Head over to the Podcast by clicking on bit.ly/371UhRA if you want to listen to this review. Else, have a happy read.


My prayer to God after watching the movie – it’s okay if you give me the sight of a slum, but please gimme the vision to see a Disneyland there.


The basic plot - Two slum kids want to earn INR 300 to savour a pizza from the shop that has been built over a place where they used to enjoy eating crow eggs.



I always thought that a fairytale movie couldn't be made without a beautiful lead cast, picturesque locations, romantic music and massive budgets. But the director, Mr. Manikandan - literally opened my eyes to a new reality of story telling. The lead characters were 2 small unknown kids, there are many ultra close up shots of the slum drains, minimal background score & songs, and finally, it would’ve costed lesser than the remuneration of a star actor. In my opinion, a fairytale was woven with the extremes of all the elements. In fact, I began wondering if this fairytale was more beautiful than the one I had visualised.


The director deals with the innocence, stubbornness, and excitement that is natural to every child in such a mature manner. There is one particular scene in which the kids decide to steal a phone from a passenger's hand sitting at the door of a moving train. Now, the plot demands them to get money to solve the overarching conflict. They plan it but the elder one gives up the idea at the end when it was at his arms reach.Instead they do a whole lot of menial jobs to earn the same amount of money. The stealing would’ve given that sum of money in a single shot. This one scene was enough for me to salute the depth of understanding the director had with respect to his characters, young or aged.

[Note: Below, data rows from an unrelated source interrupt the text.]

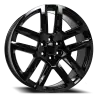 Repco 48 26 10 31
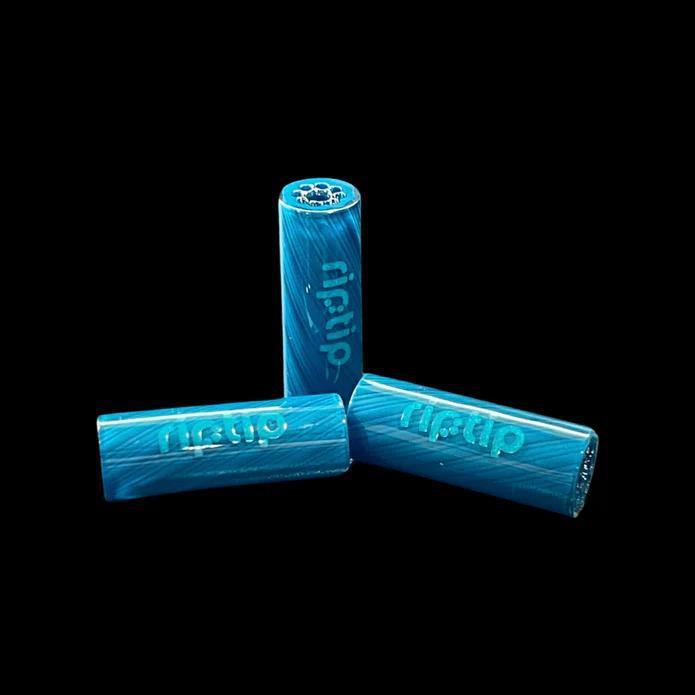 GORDO SCIENTIFIC: DEAP SEA BLUE RIP TIP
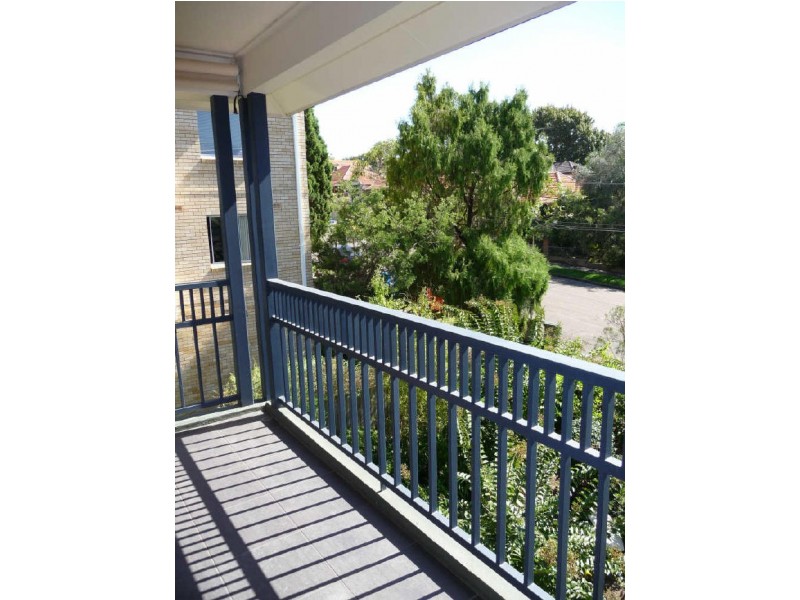 16/2 Bells Avenue, Cammeray NSW 2062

All the scenes are steeped in complete authenticity to the plot and are organic. The sub plots don’t seem rushed and the inter linking doesn’t feel forced either. 

Humble and grounded performances by the entire cast makes it a treat to watch. I don’t want to reveal much of the story, as the beauty of this fairytale is directly proportional to the empathy generated with each character. This in turn is a result of unique, yet possible situations that arise from the sheer brilliance of scene design. 


Overall, I would say that this fairytale is worth narrating to a world that has drowned itself in its own expectations of success and happiness. I sincerely pray that we all understand the essence of the movie by watching it and understanding the lyrics of the final song. 


All I can say is that you are up for a pizza treat.